Jason Baker, spokesman for the India branch of People for the Ethical Treatment of Animals, said McCartney had expressed shock and horror that cows, revered by millions of Hindus in India, were subjected to brutal torture.

McCartney, in his letter sent last week, said he was "deeply upset" by corruption, "illegal practices at slaughterhouses" and cruel transport conditions.

"These cows, bullocks and calves, their eyes filled with fear and pain, are sent to slaughter, jam-packed together in overcrowded lorries, travelling for hundreds of kilometres (miles) without food or water.

"Those who collapse from exhaustion and injuries are severely beaten, have hot chili peppers smeared into their eyes and have their tails deliberately broken at each joint," he said.

McCartney said it would be wrong to blame only Muslims and Christians and exclude India's overwhelmingly dominant Hindu majority from censure.
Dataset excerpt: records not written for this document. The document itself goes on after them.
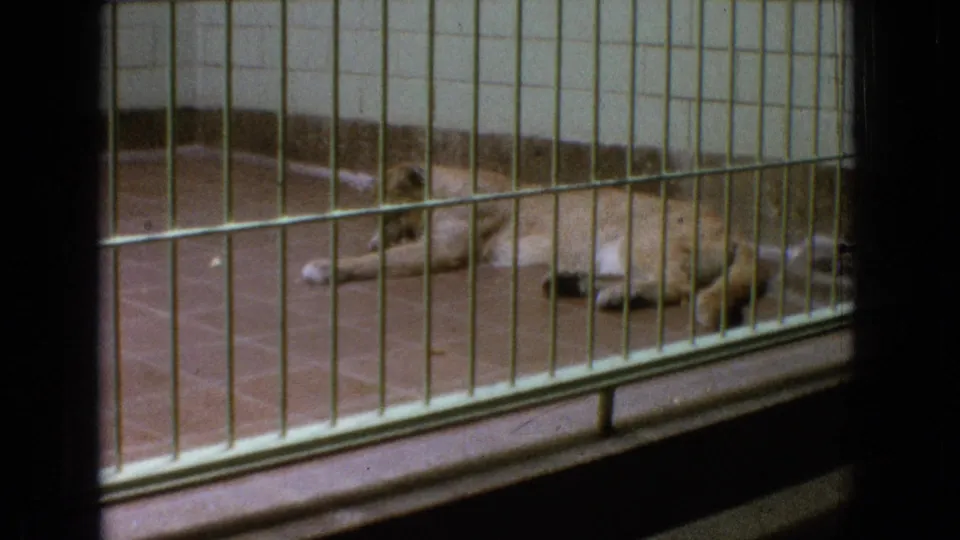 A large feline, possibly a lioness or cougar, lies partly obscured behind bars on a tiled floor in a similar indoor zoo enclosure.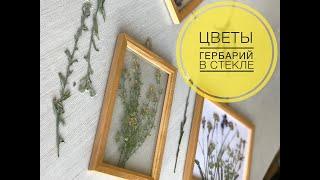Цветы в рамке | Гербарий в стекле | Home and garden | Herbarium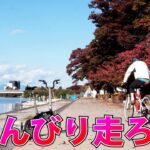秋のびわ湖サイクリング 京都発の南湖50kmでビワイチしたってことにしよう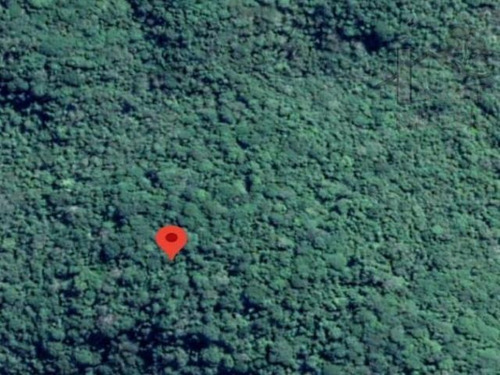 Imagem 10 de 12 de Cod 6025 - Bela Área Medindo 40 Mil Metros - 6025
"The fact is that people of all religions are involved in cruelty at some stage or another," he said. "To stop the suffering, we must react as one people, united by decency and compassion."

The veteran rocker recalled Mahatma Gandhi, India's independence hero who campaigned throughout his life for vegetarianism.

"The world remembers Mohandas Karamchand Gandhi's words that a nation can be judged by how it treats its animals," McCartney wrote. "Please do not allow his words to ring hollow in the 21st century."

PETA spokesman Baker told AFP there had been "no response so far from the Indian government."

PETA had earlier released a video narrated by former Baywatch star Pamela Anderson Lee exposing the inhumane treatment of cows in India by the leather industry.

Baker said other celebrities including Chrispian Mills, the lead singer of the British group Kula Shaker, had written to Vajpayee about the abuse of cattle in India.

The US-based PETA is one of the largest animal rights groups in the world and counts among its 700,000 members other celebrities like film star Woody Harrelson and rock star Chrissi Hynde.